Artists are breathing new life into techniques and forms found in centuries old fine and decorative arts, and they are incorporating contemporary attitudes and approaches in their work. Our Contemporary Connections series of exhibitions uses the strengths of our collection to make connections to contemporary art. This year’s installment relates to our Georgian silver collection, in honor of our new book The Currency of Taste: The Gibbons Georgian Silver Collection of the Lauren Rogers Museum of Art, published in celebration of the Museum’s 95th Anniversary.


A silverpoint drawing is made by dragging a silver object across a surface, often prepared with some type of primer. The silver is usually in a rod or wire form, but a drawing can also be made with the edge of a piece of silver flatware. Over time, the lines of silver oxidize, or mix with oxygen, and this causes subtle changes in their tonality. Images made in this medium can seem ethereal and mysterious because of the low contrast between the colors of the silver and the paper.
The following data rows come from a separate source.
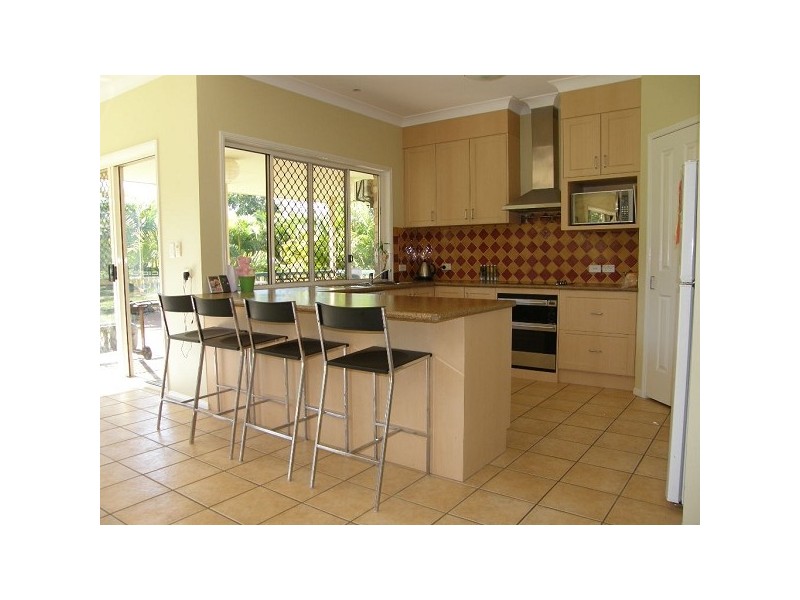 5 Malcomia Street, Redland Bay QLD 4165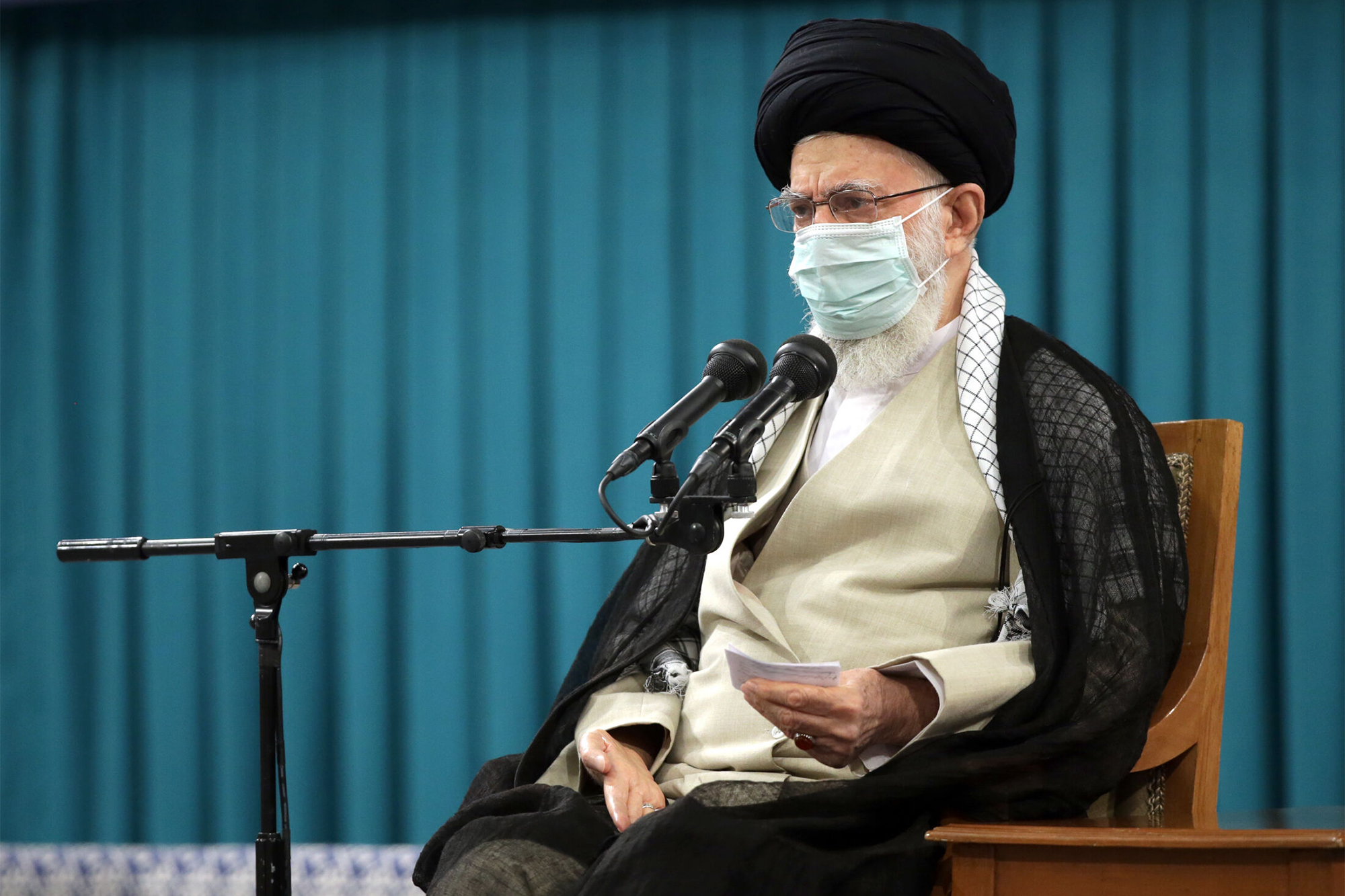 دیدار جمعی از مسئولان نظام و میهمانان کنفرانس وحدت اسلامی با مقام معظم رهبری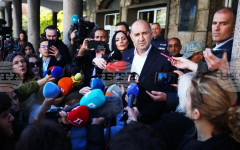 На юг от Дунава може да се появи един нов Орбан, посочва румънски политолог в коментар за парламентарните избори в България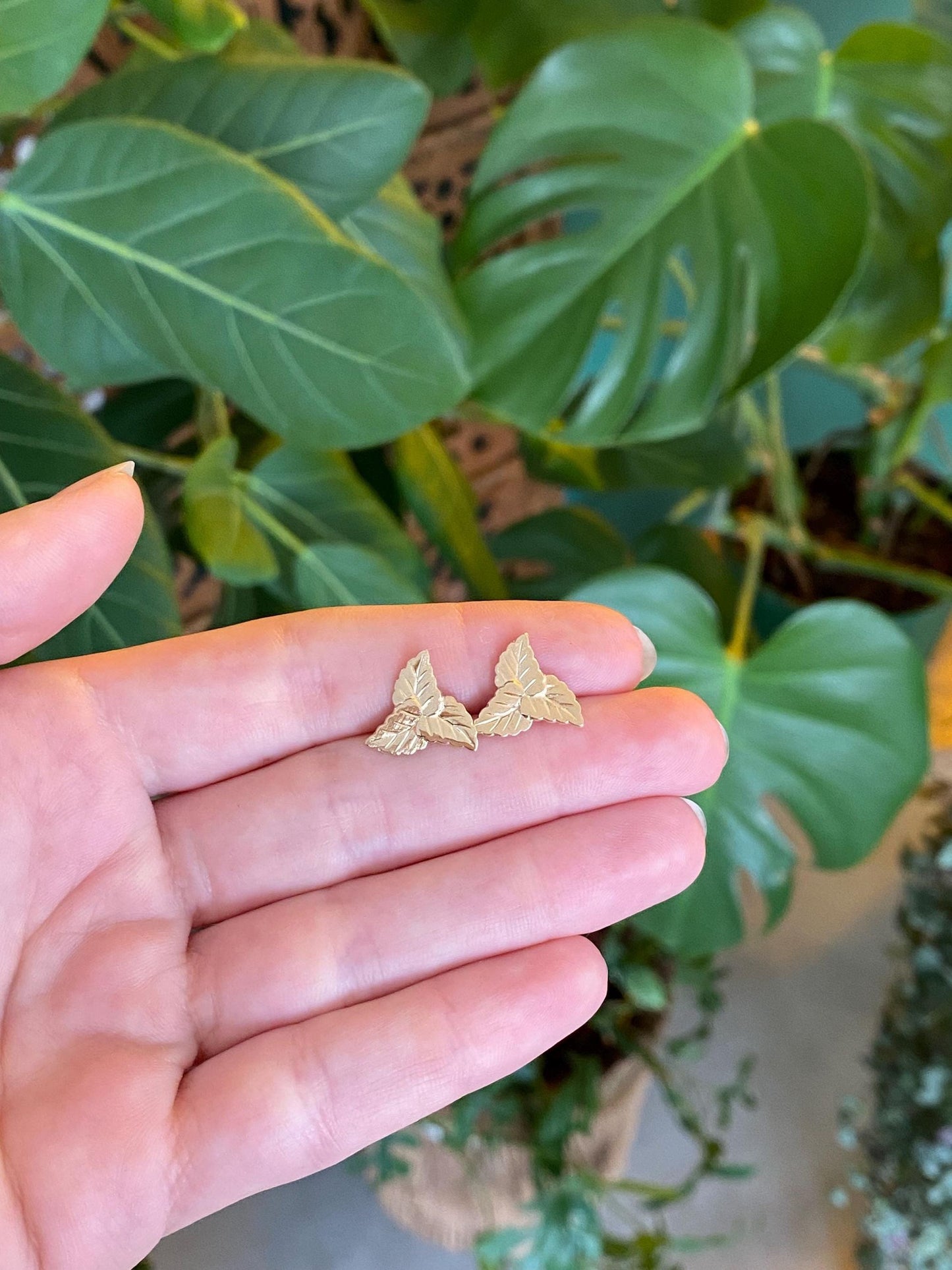 Vintage Solid 14k Yellow Gold Leaves Stud Earrings
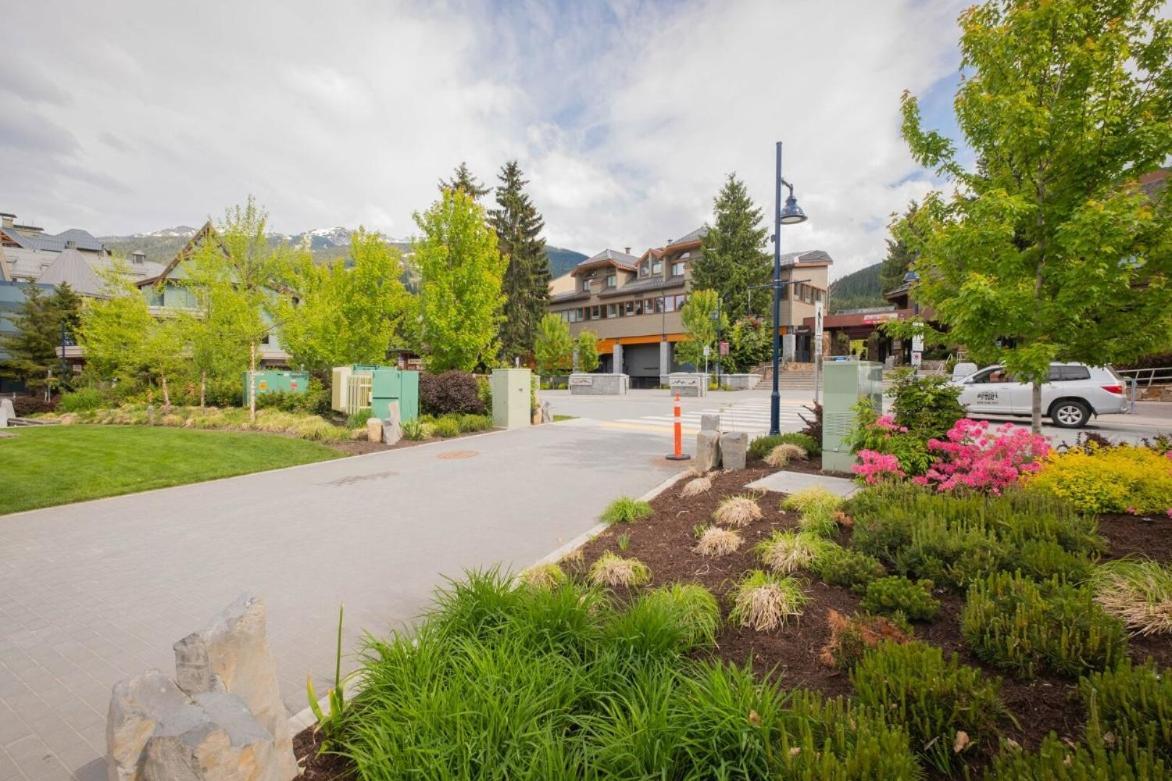 Rainbow By Outpost Whistler Villa Екстериор снимка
Works by six artists are included in the exhibition. Aj Smith creates silverpoint portraits of individuals who live in relatively remote isolated communities of the Arkansas and Mississippi Delta to celebrate their gifts of honesty and majestic ordinariness, even when they are faced with political, economic, and social deprivation. Koo Schadler’s mixed media drawings, which include silverpoint and other metalpoint as well as egg tempera and gold leaf, are akin to Renaissance works that highlight the beauty of human and animal subjects alike. Susan Schwalb juxtaposes a wide variety of metals, including silver, gold, tin, and copper in horizontal bands to evoke an atmosphere of serenity in her abstract works. Tom Mazzullo’s silverpoint drawings begin with observation and are done from life to find the beauty, balance, and perfection in everyday objects. The silverpoint medium, with its delicate lines and gentle tones, is perfectly suited to capture the intimate still life subjects of Jeffrey Lewis. Carol Prusa covers spherical shapes in silverpoint drawings and ground graphite and then embeds fiber optics and lights to evoke the grandeur of the cosmos and complicated systems of the human body.


Silver Lining: Contemporary Works in Silverpoint was co-curated by Kristen Miller Zohn, Curator of Collections and Exhibitions at LRMA, and Hannah Israel, Gallery Director of the Illges Gallery at Columbus State University in Georgia, where the exhibition will travel this fall.